Dissertation Proposal Awards
2010 Winners

VISHAL AGRAWAL, Georgia Institute of Technology
College of Management
"The Interaction of Business with the Environment: The
Environmental Implications of Operations Strategies, New Product Development and Supply Chain Strategies
"
KAREN BERNHARDT-WALTHER, University of Chicago
Booth School of Business
"Essays in Organizational Economics"
LITE NARTEY, University of Pennsylvania
The Wharton School
"External Stakeholder Engagement: Transforming Corporate Social Responsibility from Principled Rhetoric to Theoretically Grounded Practice"

NATASCHA VAN DER ZWAN, The New School for Social Research
Department of Politics
"Organized Labor and Financial Capitalism: Negotiating Shareholder Value in the United States and Germany
"
Congratulations to this year's winners! All four will receive an honorarium and be recognized in person as part of the 2nd Aspen in New York Business & Society Annual Forum in late October 2010.
Jessica Dillabough, University of Calgary
Haskayne School of Business
"Doing Institutional Work in Response to Failure: The Case of Creative Sentencing"
Jess is a fourth year doctoral student at the University of Calgary’s Haskayne School of Business. Her research stems from a long-standing interest in the relationship between businesses and the environment. This interest has evolved into a focus on a particular mechanism for influencing firm behavior towards the environment: creative sentencing. Creative sentencing is used in addition to traditional fines when sentencing organizations convicted of breaching environmental law. Jess finds creative sentencing fascinating for two reasons. First, Jess argues, creative sentencing is effective because it betters industry and firm behavior towards the environment. Second, she states, creative sentencing is not always forced on firms by government agencies. Thus, proactive firms prefer creative sentencing because it helps them improve their environmental performance.
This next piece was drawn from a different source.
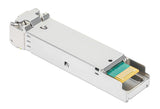 Intellinet Gigabit Mini-Gbic Bidi Wdm Rx1490 Tx1550 Msa-Ko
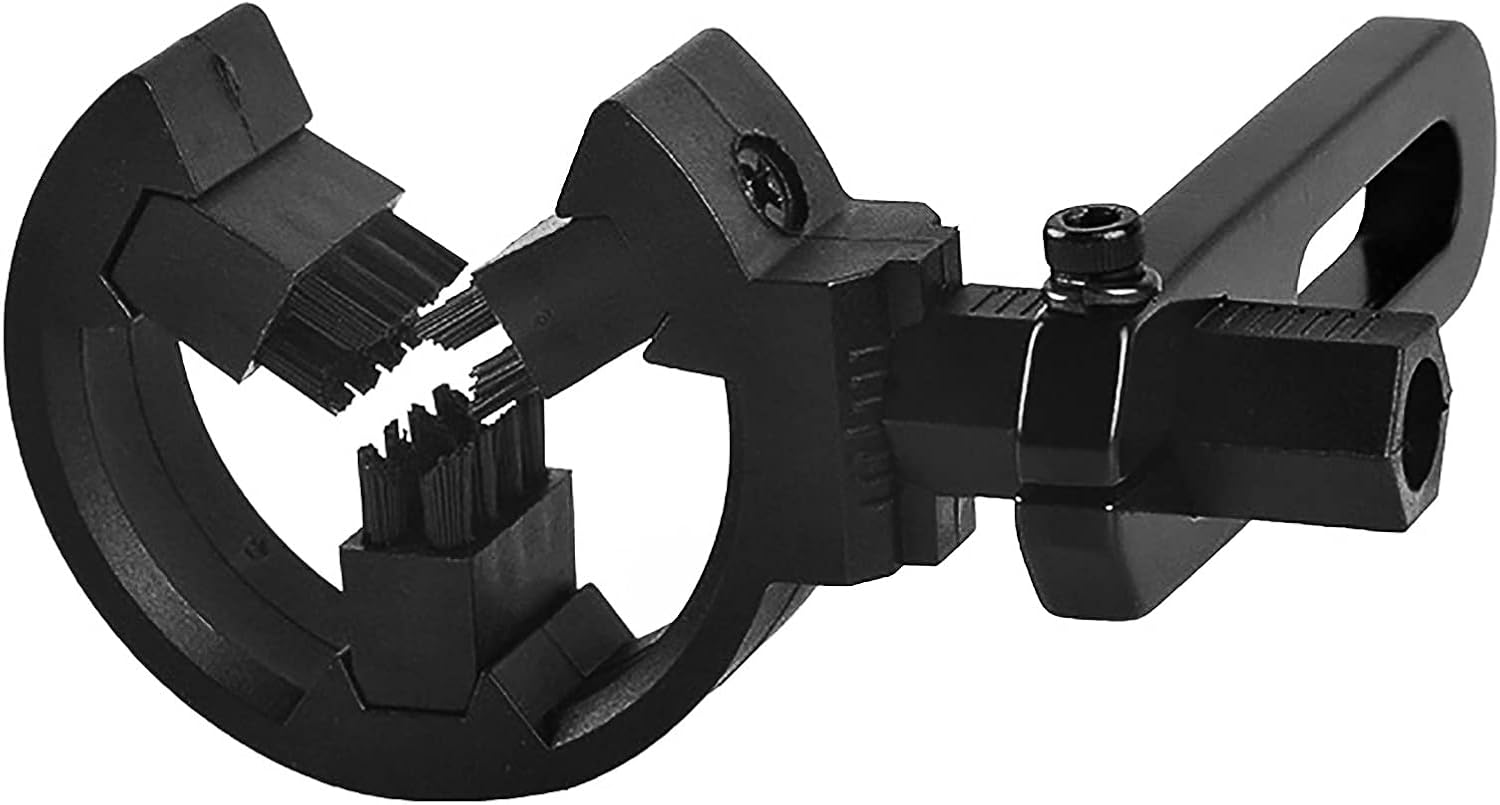 Archerest Archery Bow Brush Capture Arrow Rest, Compatible with Every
Andrea Romi, University of Arkansas
Department of Accounting
"Discretionary Compliance with Mandatory Environmental Sanction Disclosures," "Carbon Disclosure Incentives in a Global Setting: An Empirical Investigation" and "U.S. Corporate Carbon Reporting: Determinants and Benefits of Disclosure"
Andrea is currently a Visiting Professor at Indiana University - Bloomington. As part of her PhD studies at the University of Arkansas, Andrea’s dissertation examines different aspects of the determinants associated with and financial consequences of environmental accounting disclosure. With the increased focus on the need for corporations to accept greater responsibility for their contributions to environmental degradation, and with an increased effort by national and global regulators to require greater disclosure by these companies, Andrea focuses on the current determinants of environmental disclosures by corporations in the United States and abroad.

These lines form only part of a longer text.